Making the series had an unexpected reward, he says. “What I enjoyed most was that it created a real sense of community,” says Brown, editor of the anthology “How We Do It: Black Writers on Craft, Practice and Skill,” which debuts July 4.
“It was nice to be reminded that I’m not the only person, the only storyteller out there, bearing witness. I feel a little less alone. When people watch this series, I hope they, too, feel a little less alone; I hope it reaffirms everyone’s humanity and complexity.”
Credit: Handout
Credit: Handout
Brown, with his long braids and gym-sculpted arms, struck up an especially fast friendship with author David Joy, a white, bushy-bearded mountain man and outdoorsman.
Joy recalls: “I stumbled into a hotel in San Diego, and as soon as the door opens, Jericho hollers, ‘There he is!” He comes up and hugs my neck. I’d never met him in my life. He leads me over to the hotel check-in, where he tells the clerk that he’s there to help me as I’ve never stayed in a hotel before. All that to say, we were kidding and joking and ragging each other from the moment we met.”
Renaud says, “I quietly eavesdropped on conversation between David and Jericho and realized I was hearing the best minds of their generation.”
Joy, whose novel “Those We Thought We Knew” debuts Aug. 1, was initially leery of the project. “I was a bit hesitant and skeptical in that I’m coming from a place that has historically been exploited by outsiders, misrepresented and reduced to poverty porn,” he says. But Renaud quickly changed his mind.

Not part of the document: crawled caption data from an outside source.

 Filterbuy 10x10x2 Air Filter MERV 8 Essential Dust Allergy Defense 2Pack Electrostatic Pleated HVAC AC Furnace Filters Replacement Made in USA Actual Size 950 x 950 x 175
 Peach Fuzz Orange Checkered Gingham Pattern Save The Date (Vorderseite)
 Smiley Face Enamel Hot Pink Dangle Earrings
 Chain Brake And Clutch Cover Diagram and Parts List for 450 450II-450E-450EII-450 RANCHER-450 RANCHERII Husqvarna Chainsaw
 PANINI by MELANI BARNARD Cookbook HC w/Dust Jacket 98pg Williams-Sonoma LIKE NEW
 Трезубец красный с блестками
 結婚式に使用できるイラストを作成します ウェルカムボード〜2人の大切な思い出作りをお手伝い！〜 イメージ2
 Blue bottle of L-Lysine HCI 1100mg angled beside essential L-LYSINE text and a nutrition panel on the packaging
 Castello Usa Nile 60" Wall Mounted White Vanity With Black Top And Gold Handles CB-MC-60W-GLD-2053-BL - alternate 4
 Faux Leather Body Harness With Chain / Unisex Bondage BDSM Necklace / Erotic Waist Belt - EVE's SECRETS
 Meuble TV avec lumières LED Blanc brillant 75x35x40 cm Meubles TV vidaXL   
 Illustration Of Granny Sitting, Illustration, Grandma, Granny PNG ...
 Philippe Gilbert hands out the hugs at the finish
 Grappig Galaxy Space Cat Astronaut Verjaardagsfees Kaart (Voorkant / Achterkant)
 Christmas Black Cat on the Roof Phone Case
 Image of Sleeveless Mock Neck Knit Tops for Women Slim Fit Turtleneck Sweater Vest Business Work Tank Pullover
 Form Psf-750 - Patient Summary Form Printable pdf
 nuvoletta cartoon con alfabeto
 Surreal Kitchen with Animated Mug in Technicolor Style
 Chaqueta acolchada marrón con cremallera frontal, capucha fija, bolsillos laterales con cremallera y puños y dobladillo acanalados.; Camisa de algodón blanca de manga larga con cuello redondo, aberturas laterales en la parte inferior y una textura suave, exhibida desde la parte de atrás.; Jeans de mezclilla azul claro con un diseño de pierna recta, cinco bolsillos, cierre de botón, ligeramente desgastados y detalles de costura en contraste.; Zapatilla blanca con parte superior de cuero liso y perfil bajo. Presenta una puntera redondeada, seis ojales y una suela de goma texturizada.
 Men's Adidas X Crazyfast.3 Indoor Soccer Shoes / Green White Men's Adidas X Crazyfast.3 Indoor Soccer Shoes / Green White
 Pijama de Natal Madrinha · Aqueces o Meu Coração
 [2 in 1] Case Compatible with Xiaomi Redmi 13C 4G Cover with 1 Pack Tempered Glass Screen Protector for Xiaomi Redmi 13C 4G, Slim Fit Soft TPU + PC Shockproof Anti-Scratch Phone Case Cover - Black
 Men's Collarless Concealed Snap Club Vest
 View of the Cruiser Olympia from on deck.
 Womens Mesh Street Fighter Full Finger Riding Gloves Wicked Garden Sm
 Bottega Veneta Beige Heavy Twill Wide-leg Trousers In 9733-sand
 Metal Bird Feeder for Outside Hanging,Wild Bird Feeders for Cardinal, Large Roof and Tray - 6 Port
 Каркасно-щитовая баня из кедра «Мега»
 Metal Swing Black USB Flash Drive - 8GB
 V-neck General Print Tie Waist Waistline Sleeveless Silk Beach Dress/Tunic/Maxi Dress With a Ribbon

“What struck me immediately was that Craig was vibrantly genuine. His intent was righteous and his heart was in the right place. He asked the right questions.”
The author lives in the mountains of northwest North Carolina, which are in the throes of development. In the series, he observes, “I can write about a place, and it will disappear before the book comes out.”
So, the series hits some elegiac notes. “The South as we know it is vanishing,” Renaud says. “Culturally and digitally we’re getting more and more homogenized.”
However, “Southern Storytellers” aims to be a document of preservation. “What I take comfort from is that I think 200 years from now, people will still be talking about the work of the artists we have featured here. And I want to keep going. I want to profile more storytellers. There are so many.”
TV Preview
“Southern Storytellers.” Debuts 9 p.m. Tuesday, July 18, on GPB, Channel 8. Runs through Aug. 1.